In Afton, Wyoming the area known as Star Valley, we stopped for a mid-afternoon snack at Taco John’s. We didn’t know much about it, but we were intrigued. Out west, they’re big fans of mixing Tex Mex cuisine with tater tots. Nachos with tater tots as a base instead of tortilla chips? Yes, please.
Day 11: Yellowstone National Park with Buffalo Roam Tours
We didn’t have much time to spend in the area and I had gotten a lot of tips regarding Yellowstone (what to see, what to skip, and what to expect). Since I knew this would be the most crowded time of the year, I opted to book a tour with Buffalo Roam Tours so we wouldn’t miss the best spots. Our guide picked us up at 7:15 a.m. and spent the day making sure we saw lots of wildlife and all the best parts of the part. We were able to see all the highlights in a day (which was about 13 hours) and more iconic wildlife than I’d ever seen. The guide was great for making sure we got to see Old Faithful blow, eat at the best restaurants in the park, get the best photos, and see everything since neither of us had to worry about driving. He even helped Mini Eats get her Junior Ranger certification.
Among the highlights was seeing a moose calf nursing with his mother, the Lower Falls of the Grand Canyon, Old Faithful, the Grand Prismatic, the hot springs, The Old Faithful Inn, and herds of bison, elk, and pronghorns (generally known as antelopes).
After such a long day, we were happy to dig into some takeout from Teton Thai, a great little restaurant in the Village.
Day 12: Grand Tetons National Park
We got up early to beat the crowds to Jenny Lake to take the shuttle boat across the lake and over to hiking trails to Hidden Falls. The lake is spectacularly beautiful and the falls were huge (you hike right next to them). There’s a popular swimming area on the lake, but we took the scenic drive up to Colter Bay and then to the Jackson Lake Lodge where we had lunch at the historic Pioneer Grill. It’s an old diner that’s been thoroughly restored and has a great menu. It’s really fun. All the seating is bar style.

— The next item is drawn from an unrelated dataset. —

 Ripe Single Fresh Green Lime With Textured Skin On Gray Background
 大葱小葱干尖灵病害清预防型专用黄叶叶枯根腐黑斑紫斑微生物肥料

Jackson Lake Lodge is also breathtakingly beautiful with spectacular views. It’s a great place to stay, I’m sure, if you can book far in advance. We also visited the dam on the Snake River that created Jackson Lake and also visited the “beach” at the String Lake swimming area. It’s warmer than other lakes, but still way too cold for me.
Day 13: Jackson Hole
I reserved a day just to explore around the touristy areas of Jackson and Teton Village. We started the day by taking the Aerial Tram up to the top of the mountain to Corbett’s Cabin, which is famous for its waffles. There’s not much else up at the top, but it’s popular for paragliding in the summer and for some hikes. There’s usually still a bit of snow for skiing, too.
After taking the tram back down the mountain, we drove to Jackson to shop for souvenirs, see the famous elk antler arches (the elk shed their antlers annually, so it is not grim at all), have ice cream at Moo’s. Jackson was a little too busy and there wasn’t much to do, so we headed back to Teton Village ride the gondolas up and down the mountain and the Teewinot chair lifts, too. We got an unlimited all-day pass so we just went up and down the mountain over and over. It was a lot of fun!
Later, we headed back to the Tetons to take some sunset photos and to see more wildlife, which gets more active in the evening. We had more ice cream and visited the swimming area of Jackson Lake (which was popular but also cold!). I’d wanted to see Swan Lake, but the hike was too long; by this point in our trip, Mini Eats wasn’t up for much more hiking. Afterwards, we visited the Snake River Overlook, the site of the famous Ansel Adams photo.